The thing is, we follow that exiting with 0 is success, and exiting
with non-zero means failure, and we generally do not specify which
non-zero value is used for the latter in our documentation.  This
particular case (i.e. "git fetch") certainly does not say anything
about how failure is signaled to the calling program.  "git help
git" does not have "EXIT CODES" section, and it is assumed that the
"common sense" of older generation (gee, this project is more than
18 years old) that exiting with 0 is success and non-zero is failure
is shared among its users, which might not be warranted these days.

We could either

 * Be more prescriptive and add "EXIT CODES" section to each and
   every document to describe how we fail in the current code.

or

 * Describe "In general, 0 is success, non-zero is failure, but some
   commands may signal more than that with its non-zero exit codes"
   in "git help git", and add "EXIT CODES" section to the manual
   page of the commands whose exit codes matter (there are a
   handful, like "git diff --exit-code" that explicitly says "1" is
   the signal that it found difference as opposed to it failing).

I'd prefer if community agrees that we should do the latter, but I
am OK if the community consensus goes the other way.

If we were to go the former, the task becomes larger but it would be
embarrassingly parallelizable.  Folks with extra time on their hand
can lend their eyes to tackle each command, find what exit code we
use in the current code, add "EXIT CODES" section to the documentation,
and extend test coverage to ensure their findings will stay unless
we deliberately change it in the future.

If we were to go the latter, the task will be significantly smaller.
We need to come up with a careful phrasing to add to "git help git"
and/or "git help cli" to give the general principle of zero vs
non-zero whose exact values are left unspecified and should not be
depended upon.  We also need to identify the special cases where the
exact values have meanings (like the "git diff --exit-code" example
above), describe them by adding "EXIT CODES" section to the manual
pages of these selected commands, and extend test coverage to ensure
these values are kept intact across future changes.

Comments?
Junio C Hamano Aug. 17, 2023, 5:12 a.m.

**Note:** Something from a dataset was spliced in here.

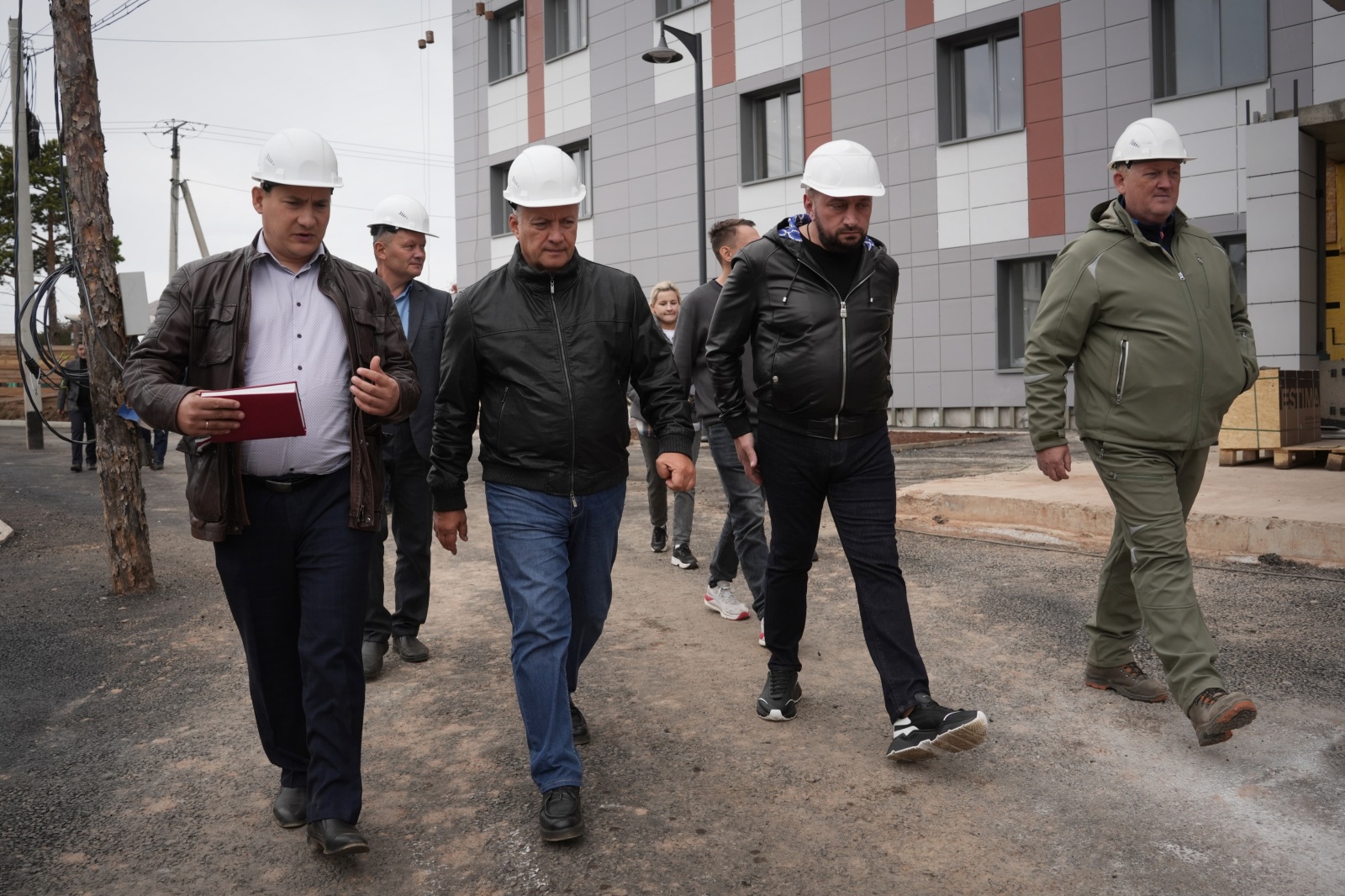 Строительство поликлиники в Качуге завершено на 80%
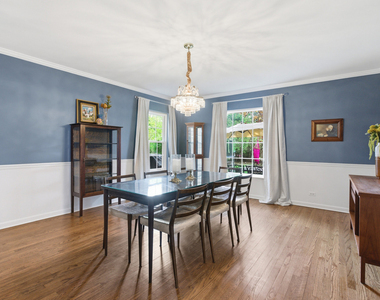 9343 Hamlin Avenue - Photo Thumbnail 7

UTC | #4
Derrick Stolee <derrickstolee@github.com> writes:

[jc: the message I am responding to may not be on the list archive,
 as it was multipart/alternative with text/html in it, but I think
 the main point from you can be seen by others only from the parts
 I quoted here].

> While I don't think we should document that the exit code has
> a special meaning for the builtin, adding the test will help
> prevent another accidental change in the future. If the patch is
> worth taking (to fix the accidental change) then I think the test
> should stay, so we don't make this change accidentally again.

I think my stance is a bit more nuanced, in that the first half of
the patch to make us exit with 128 is worth taking, simply because
we did not have to and did not intend to change the exit status, but
the other half of the patch, using test_expect_code in the test
suite, sends a wrong message that somehow exact value of non-zero
exit status in this particular case matters.

To put it another way, if your patch to shuffle the calls for two
error messages, concluded with a call to exit(), were written in the
ideal world, you would have passed 128 to exit(), *and* you wouldn't
have added any test that says "fetch should exit with 128 and not 1
when it fails".  I aimed to massage Patrick's patch so that the
original patch from you will become that patch in the ideal world
when it is squashed in.

> To my view, test cases can change in the future as long as
> there is good justification in doing so. Having existing tests
> helps to demonstrate a change in behavior.

I agree with that 100%, but the thing is that the error shuffling
patch will not escape 'next' until the upcoming release, at which
time we can rewind and redo 'next'.  I think the first half of
Patrick's fix would be a good material to squash into that patch,
which would make the result identical to the one that would have
been written in the ideal world I described above.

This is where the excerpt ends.